Your brain clearly does not remember every single input sequence from a year ago to train your continuous representation to remember what’s important in a supervised way. All of that information is learned implicitly. Imagine the scenario where you’re working and then you suddenly hear the doorbell ring. Your medium-term prediction suddenly encounters a massive prediction error with respect to the current incoming stimuli, this causes you to update your mid-level context to switch tasks, changing how you predict lower-level stimuli in response. Your long-term goals are unaffected by this contextual switch as its already “priced in” to the predictions of what is normal. The medium-term context switches rapidly, but still persists across many timesteps. This allows the brain to make simultaneous predictions through space and time, as well as operate in a stack of contexts and predict more complex patterns and dependencies across time.
My question(s) is: How do we build these increasingly long-term representations? What does HTM theory tell us about increasing timescales at increasing levels of cortical organisation? How do we encourage contexts to span across time in a robust, unsupervised way, whilst also simultaneously updating rapidly to new information which contradicts the contextual prediction?
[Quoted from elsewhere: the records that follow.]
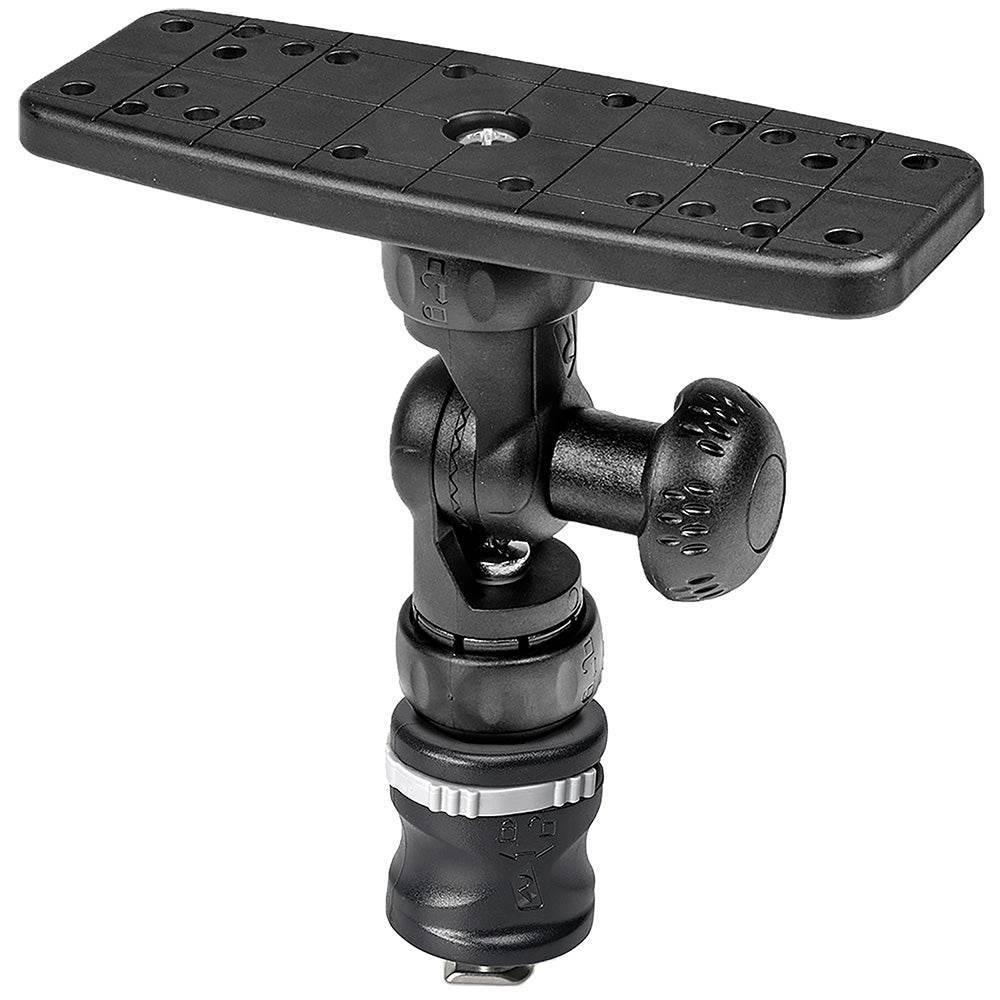 RAILBLAZA Fishfinder R-Lock R w/MiniPort TracMount [08-0082-11] - Besafe1st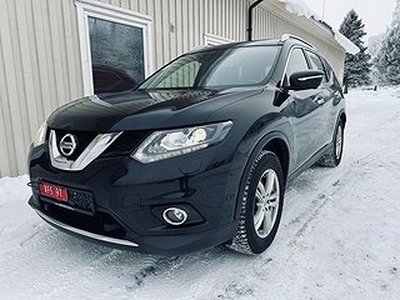 Nissan X-Trail 2,0Dci-177Hk Tekna+/7Sits/Pano/4Wd/Moms.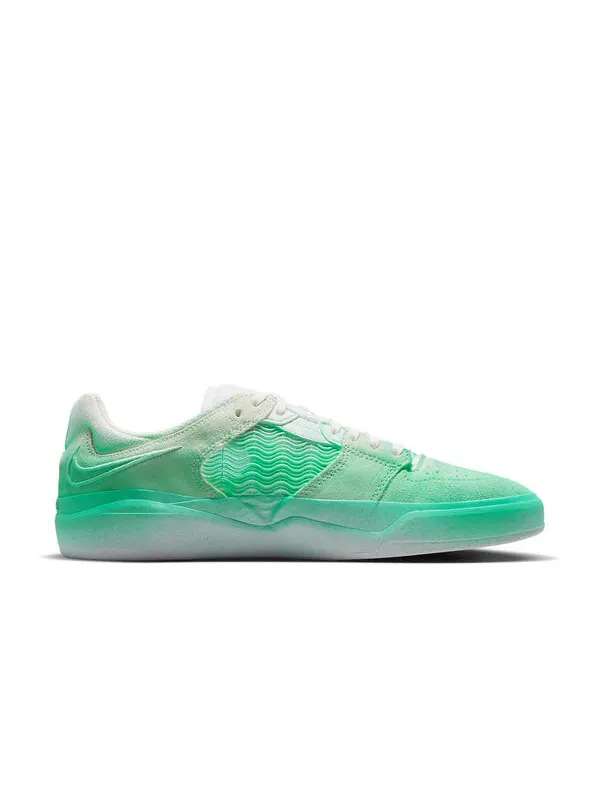 Кроссовки ishod wair premium sb Nike — изображение 2 из 4, зеленый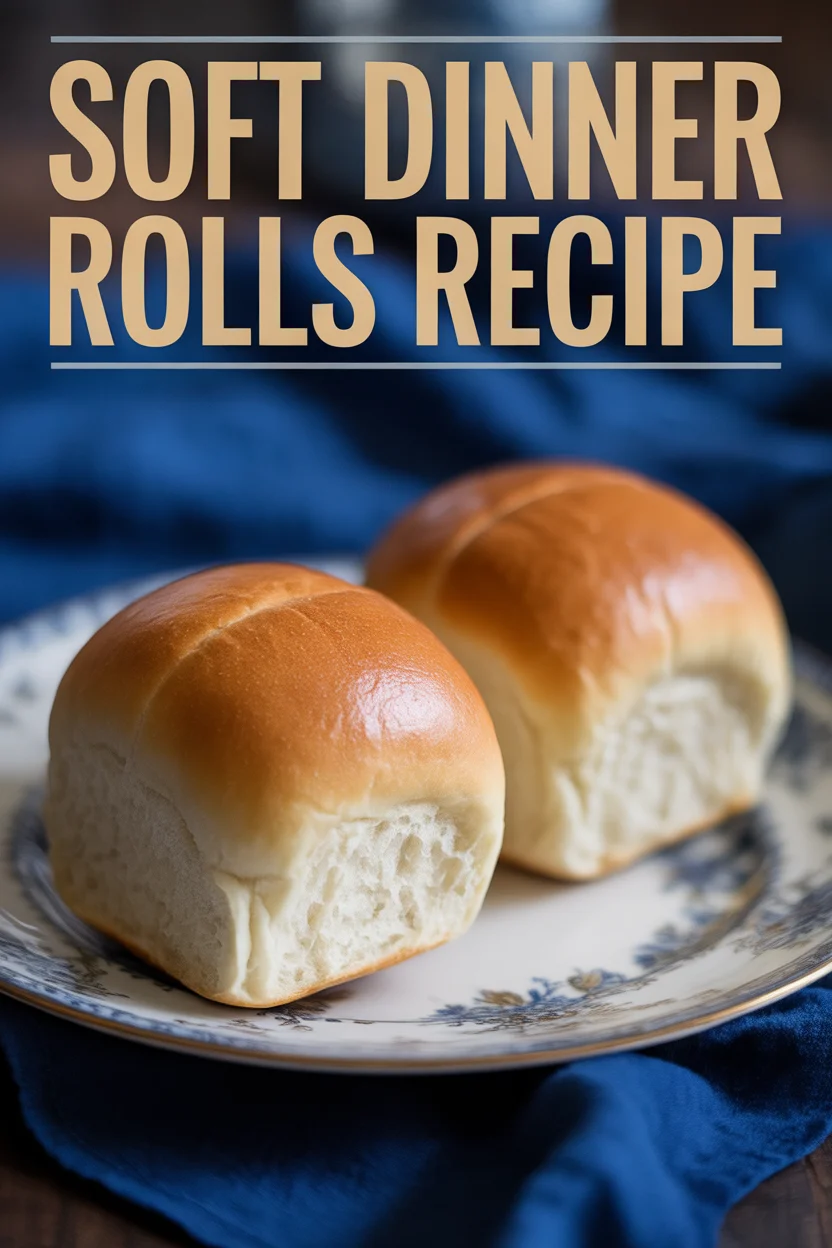 Soft Dinner Rolls Recipe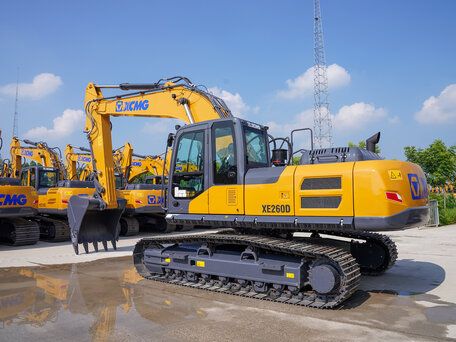 2023 XCMG XE260D, золотистый, 10117675 рублей, вид 3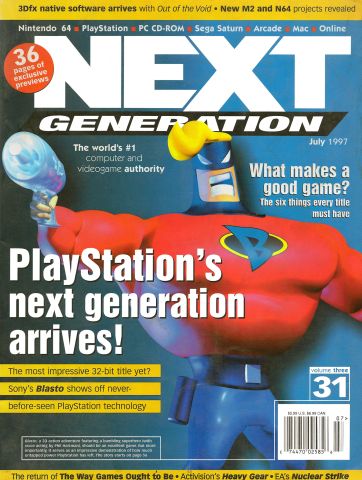 More information about "Next Generation Issue 031 (July 1997)"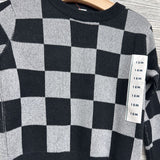NEW Checkered Sweater 18M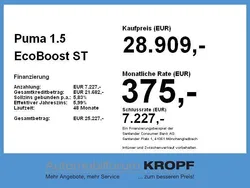 Blau Gebraucht 2023 Ford Puma ST SUV | 28.909 € (Etwas zu teuer)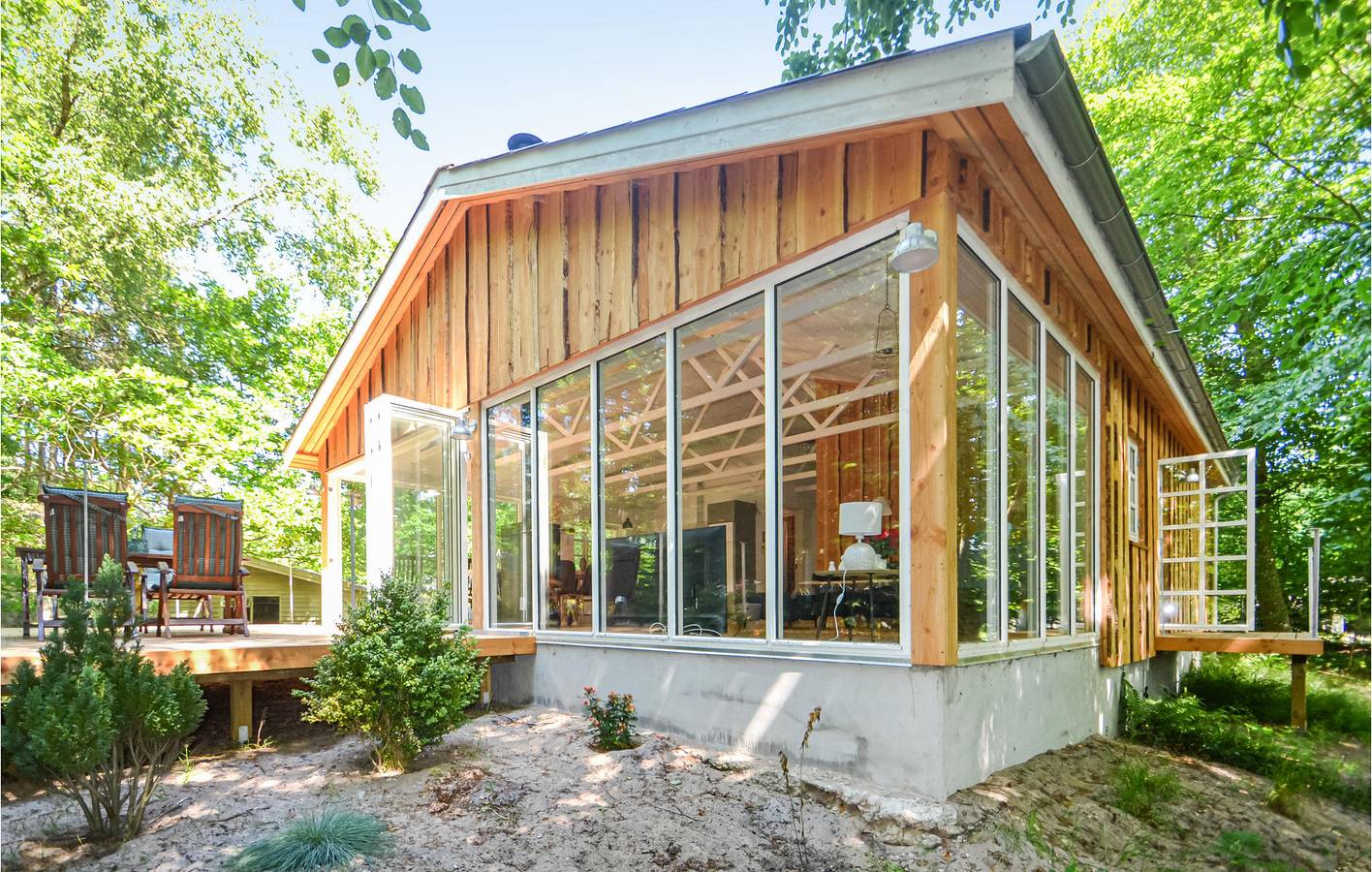 Feriehus for 6 personer med terrasse in Fjellerup Strand, Djursland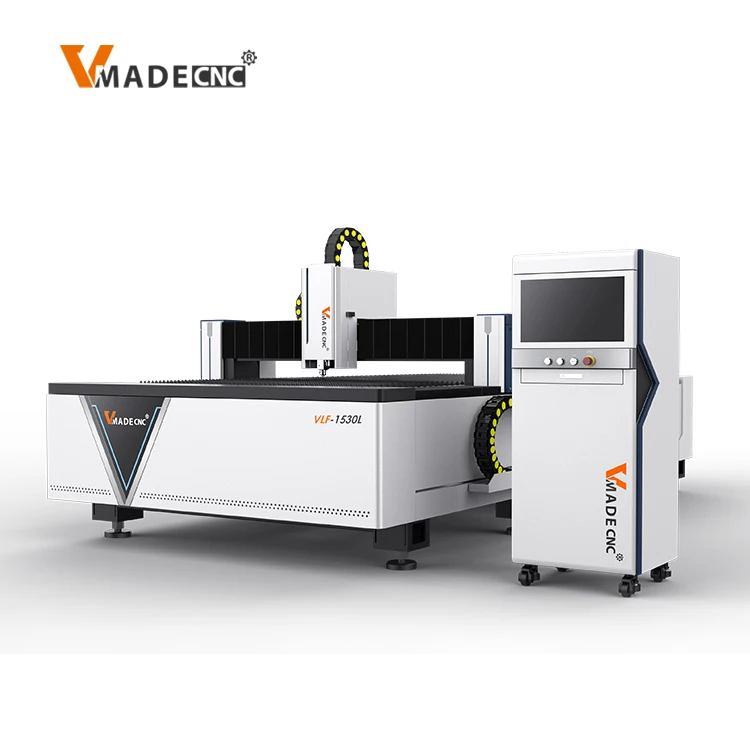 cheap price  fiber laser cutting machine with 1.5KW-3KW power source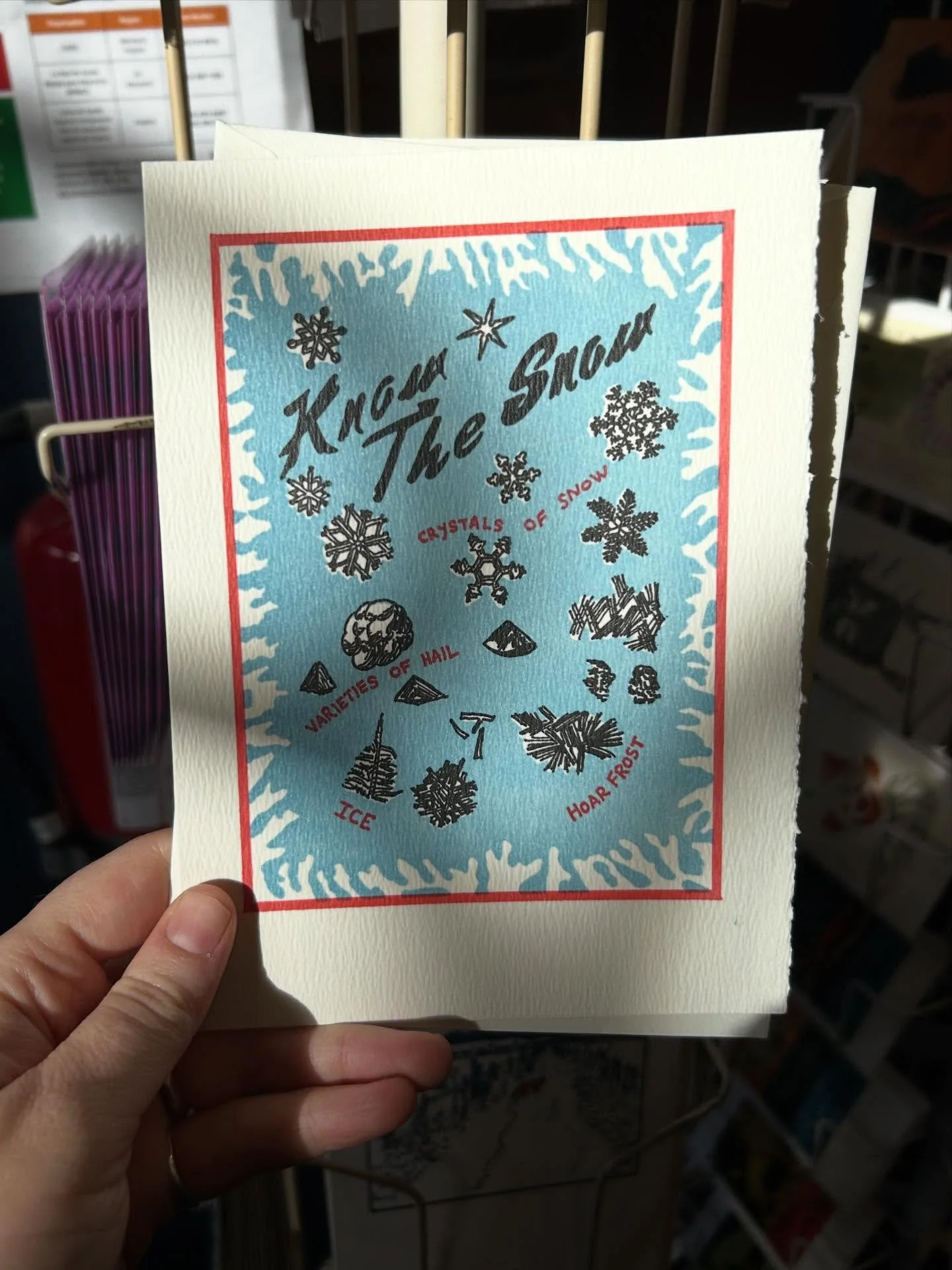 just a reminder that while books do make the perfect gift (🤓), the joy of sending and receiving letters around the holidays cannot be understated! we&rsquo;ve got sweet cards for whatever you celebrate 💌 stay warm everyone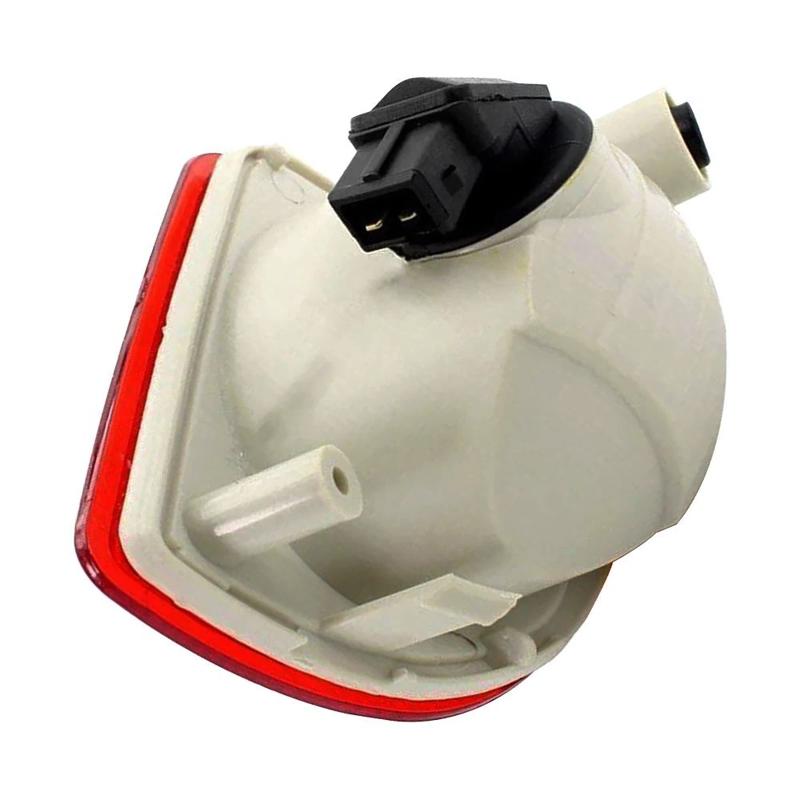 Auto Heckstoßstange Leuchte Reflektor Brems Stopp Nebelscheinwerfer Gehäuse 8200419906  8200419908 für RENAULT KANGOO 2008-2018 (KEINE Glühbirne)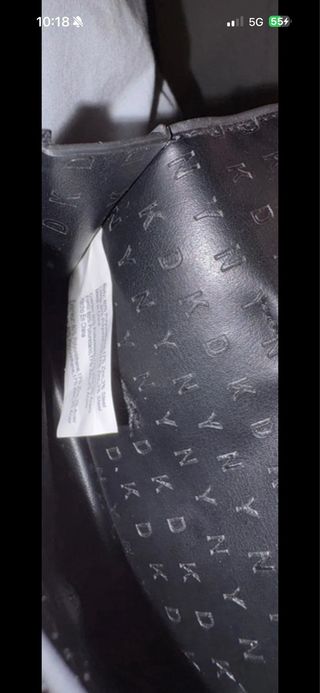 Riñonera DKNY Negra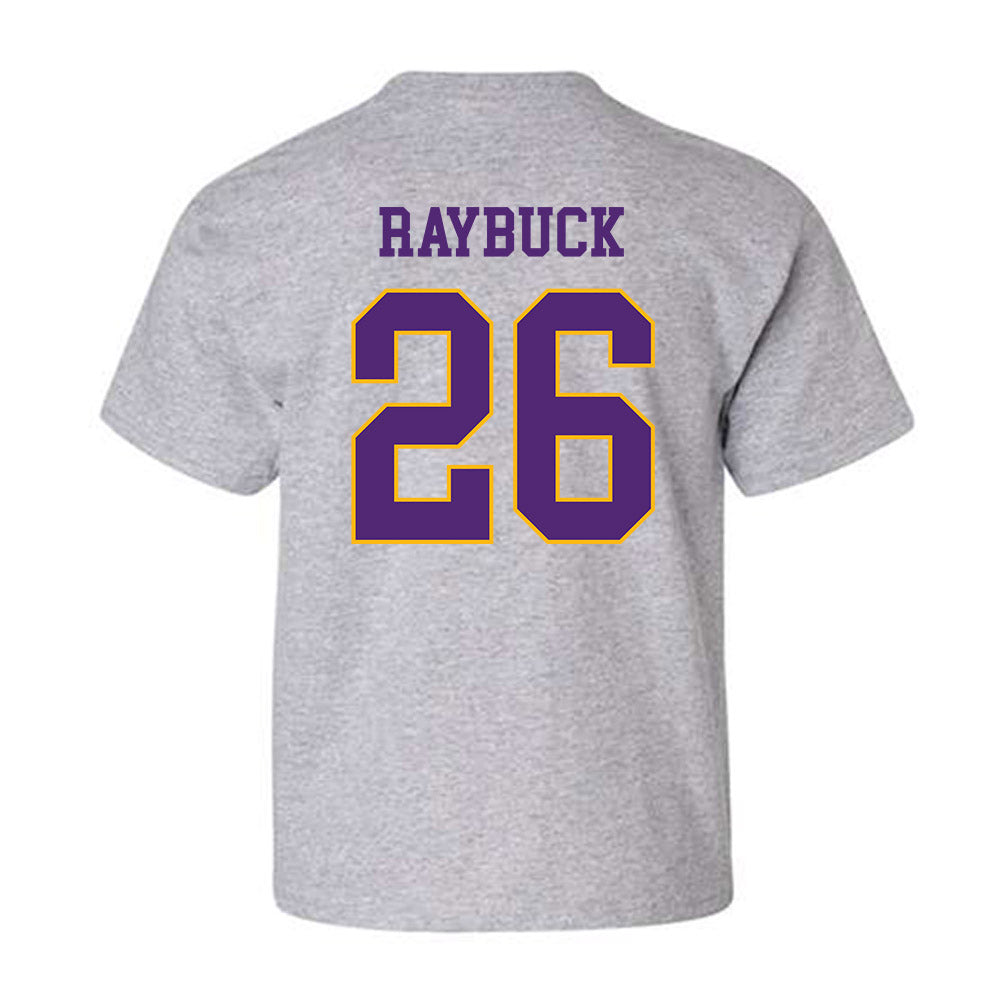 Northern Iowa - NCAA Football : John Raybuck - Classic Shersey Youth T-Shirt-1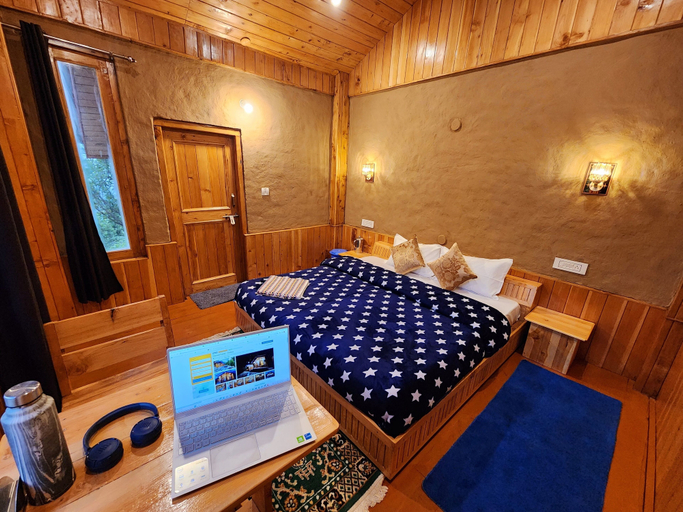 Bedroom 4, Navira Hills Laida, Kullu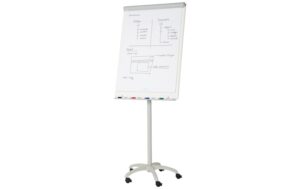 Berec Flipchart auf Rollen grau kaufen Schweiz | Mediatech.ch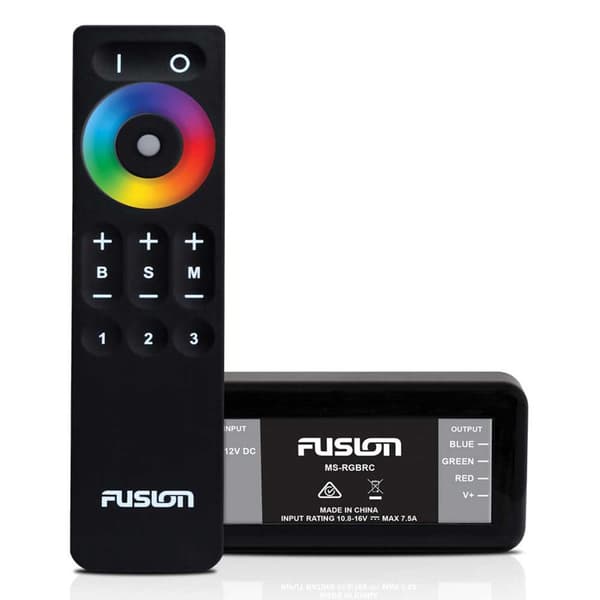 Garmin Högtalarbelysning Fjärrkontroll Fusion® Svart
My own thoughts are that some unsupervised representation of what is important is crucial. I’m guessing this is something like the prediction error from higher layers. The more incongruent a lower-level prediction is with the current hypothesis (possibly using some threshold of error) the more likely it is to update the higher context, moving up the layers based on what is allowable for the higher-level context, with each one being harder to adjust and more robust. But does every level need to be continually checking for these prediction errors? Does that mean it needs to maintain essentially the same SDR across longer and longer times, how is that possible implementation-wise with HTM?